En France, après la publication du rapport de RTE, le Président Macron a mis en place le « chantier du siècle » de l’énergie, avec un programme de six réacteurs EPR2 assorti d’une option pour huit unités supplémentaires d’ici 2050. Le chef de l’Etat a aussi décidé d’allonger la durée de vie de tous les réacteurs quand cela est techniquement faisable. Cette stratégie a nécessité la nationalisation EDF afin de faciliter le financement de ce grand programme. A l’étranger, plusieurs pays envisagent d’emboîter le pas de la France voire ont déjà pris des décisions en faveur du nucléaire. La Belgique prolonge ainsi la durée d’exploitation de certaines de ses centrales alors qu’elle prévoyait auparavant de sortir du nucléaire en 2025. La Pologne développe un programme ambitieux de construction de réacteurs. Enfin, l’inclusion du nucléaire dans la taxonomie européenne est un catalyseur important en faveur de l’énergie d’origine atomique sur le Vieux Continent.

Pour Arthur Bernasconi, analyste buy-side chez Gay-Lussac Gestion, la société française d’ingénierie Assystem semble particulièrement bien placée pour répondre aux enjeux du secteur. Avec plus de 6 500 collaborateurs et une présence dans 13 pays, cette société fondée et détenue à 57,9% par son PDG Dominique Louis, connait le nucléaire par cœur. Après des tentatives de diversification, le groupe est revenu vers son cœur de métier où il réalise plus des deux tiers de son chiffre d’affaires, soit près de 330 M€ sur 483 M€ en 2021. Il intervient sur l’ensemble du cycle de vie des réacteurs : études préalables, planification et supervision de la construction de nouveaux sites, inspection et maintenance de l’existant, modernisation et prolongation des durées d’exploitation ou encore démantèlement.  « Assystem détient une place de choix dans l’écosystème du nucléaire civil. La société a accompagné les victoires et déboires du programme nucléaire français depuis cinquante ans. Son expérience lui confère un statut d’acteur incontournable, qui bénéficie aujourd’hui des programmes de rénovation et de modernisation du parc existant et qui bénéficiera demain des projets de nouveaux réacteurs ». Sa connaissance de la technologie nucléaire française laisse ainsi peu de place à la concurrence au sein des appels d’offres d’EDF, d’Orano ou du CEA. Les principaux concurrents se trouvent à l’étranger, tels Jacobs et Aecom aux Etats-Unis, Snc Lavallin au Canada ou WorleyParsons en Australie.

Si la France est le pays le plus attractif pour le groupe aujourd’hui, Assystem est aussi présent sur de nombreux projets à l’étranger. C’est le cas du Royaume-Uni, engagé dans la construction d’EPR et l’étude de SMR (Small Modular Reactors) et d’autres pays en Europe et au Moyen-Orient. Le groupe se positionne tactiquement dans certains pays porteurs comme l’Inde qu’il pénètre grâce à ses activités d’ingénierie d’infrastructures.

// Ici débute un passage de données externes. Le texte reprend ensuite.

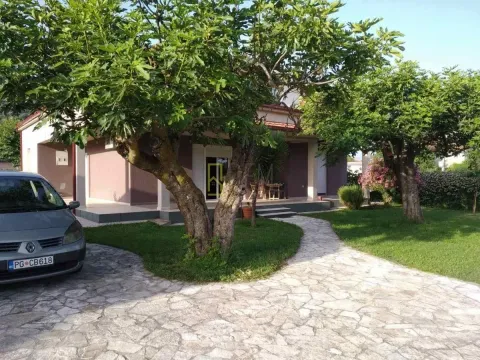 Sale, house, 180m², Tološi, Podgorica - image 1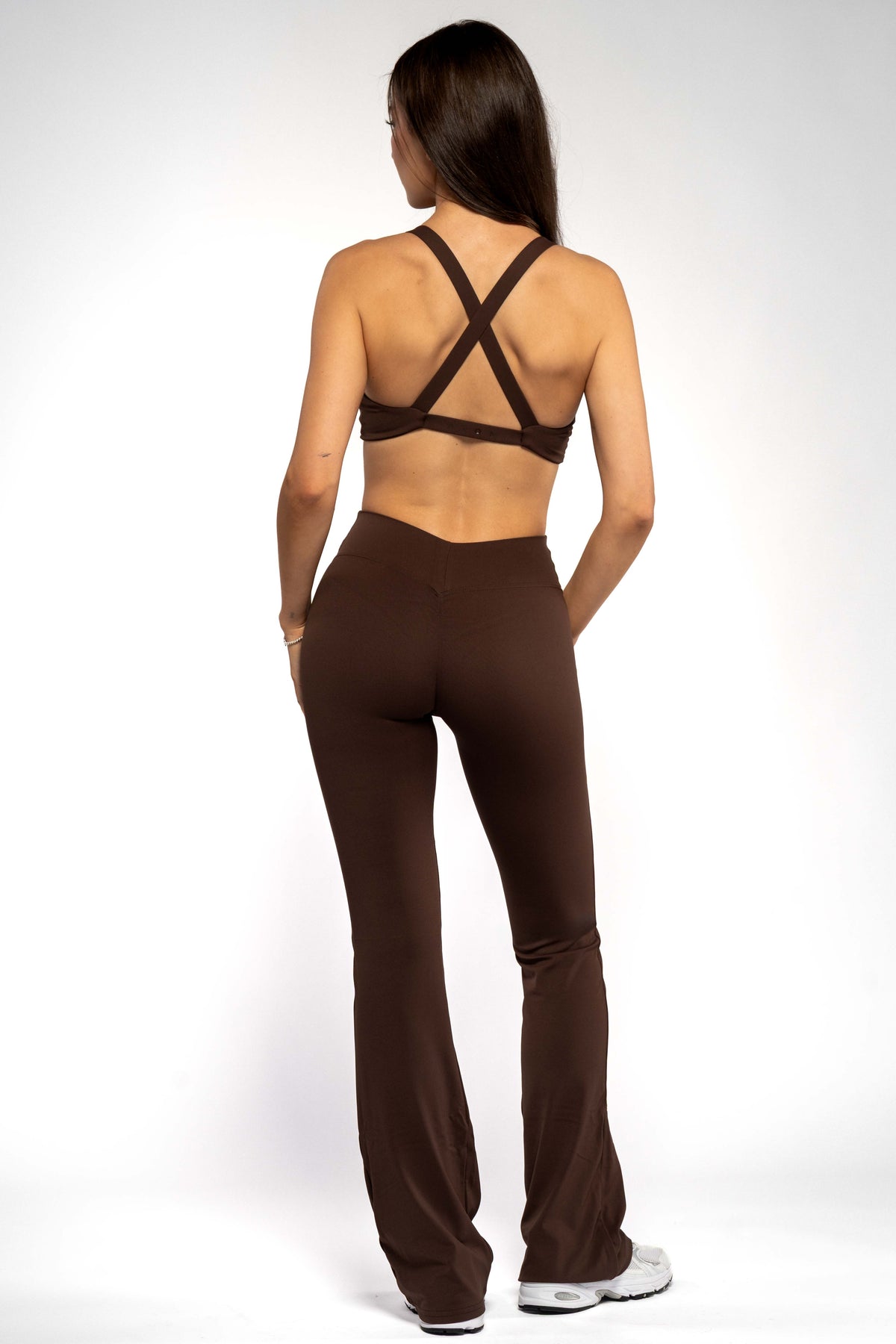 SECOND SKIN V-BACK SCRUNCH FLARED PAJKICE
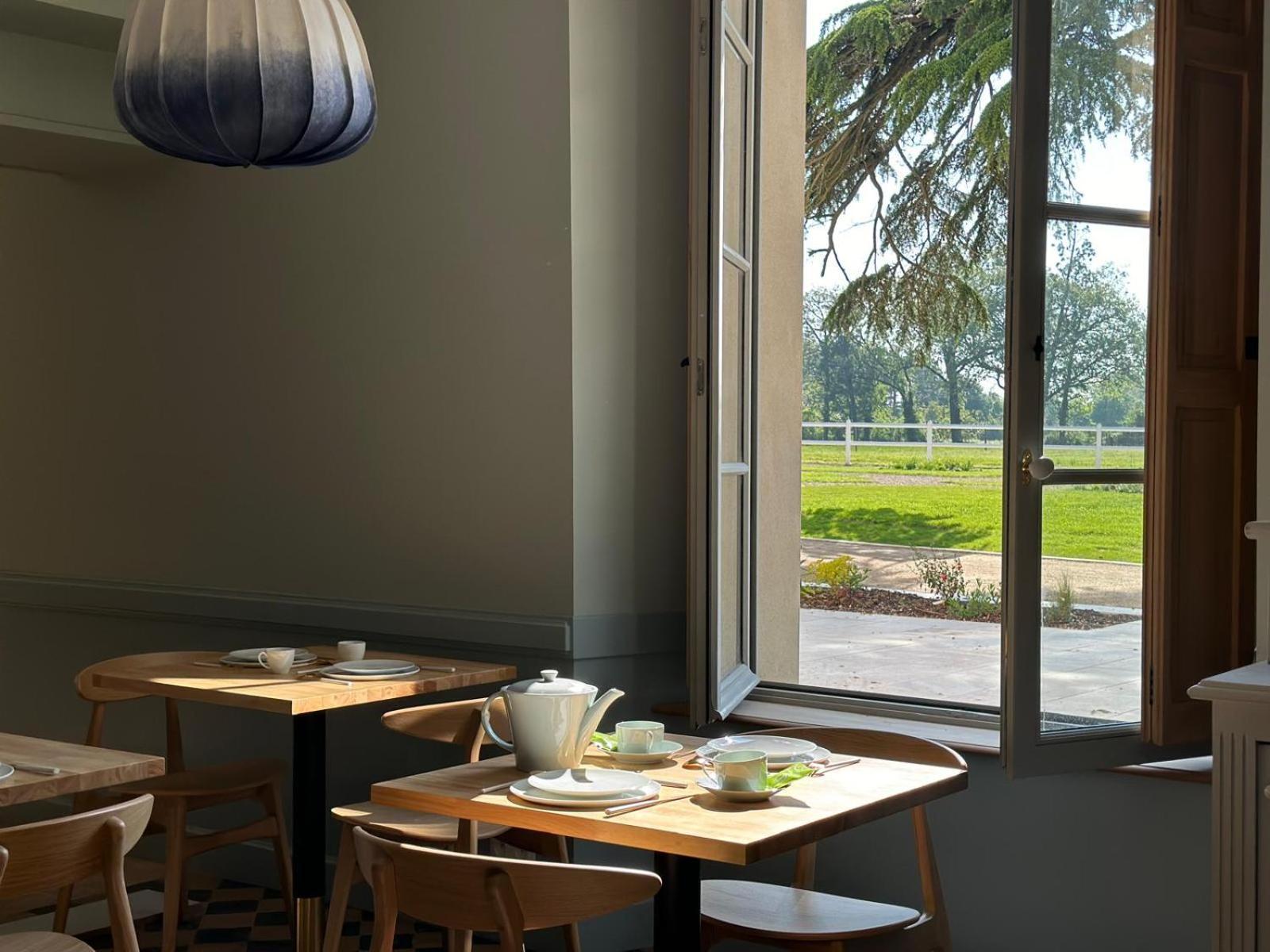 Domaine De L'Ecorcerie Otel Fontaine-le-Comte Dış mekan fotoğraf
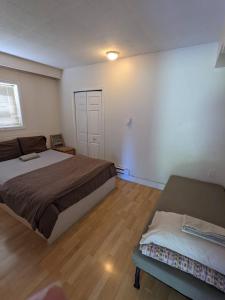 Katil atau katil-katil dalam bilik di Vancouver Backpacker House - 10 min walk to Metrotown skytrain station +4 gambar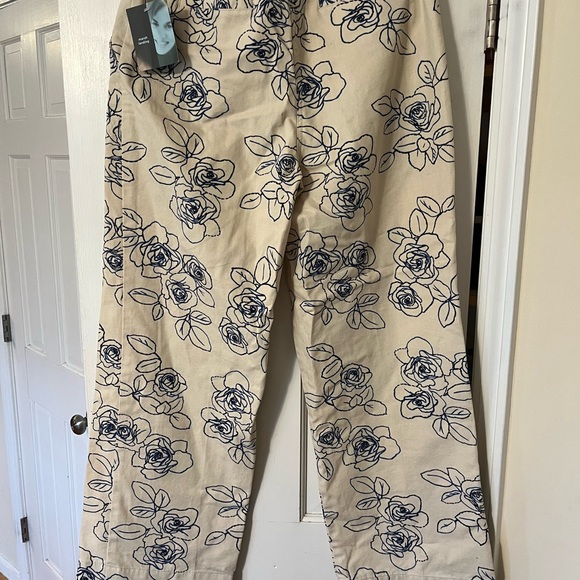 Marsh Landing size 10 floral pants NWT - Picture 5 of 9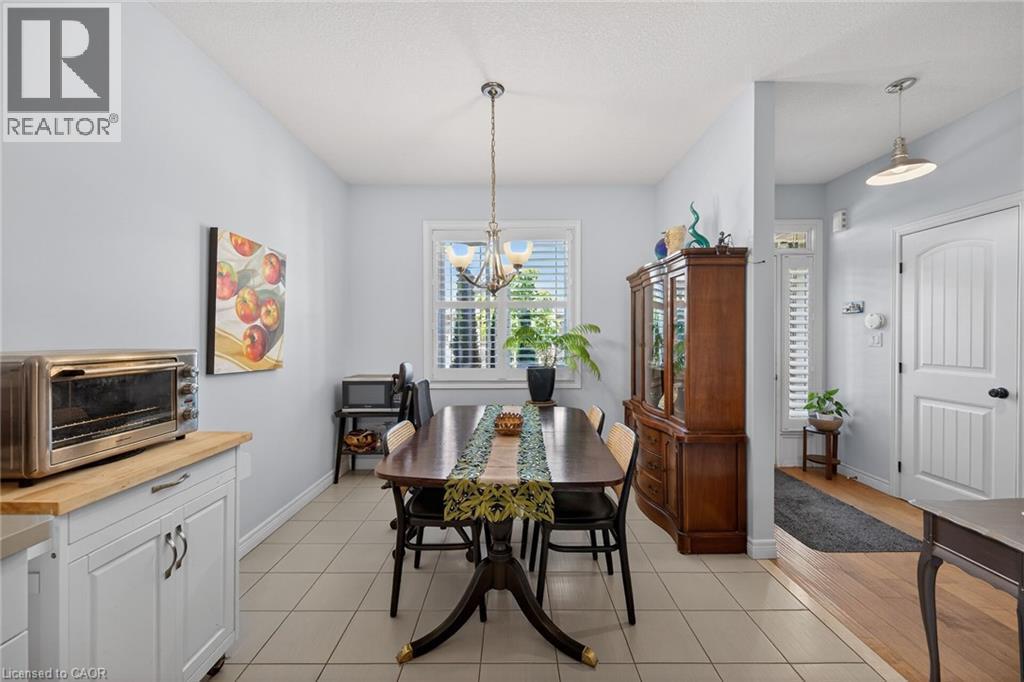 Bright dining area with room for family sized dinners! - 6 Gaddye Lane, Binbrook, ON - Indoor Photo Showing Dining Room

Les perspectives d’Assystem sont portées par le dynamisme du nucléaire. A moyen terme, l’activité devrait être tirée par les projets de nouvelles constructions avant d’atteindre un plateau qui devrait être très élevé entre 2035 et 2050. Si la marge opérationnelle d’activité atteignait 6,6% en 2021, elle devrait progresser grâce à la croissance de l’activité dans les années futures. La vision de long terme inhérente et nécessaire dans l’industrie nucléaire devrait permettre à Assystem de disposer d’une forte visibilité, particulièrement appréciée chez Gay-Lussac Gestion.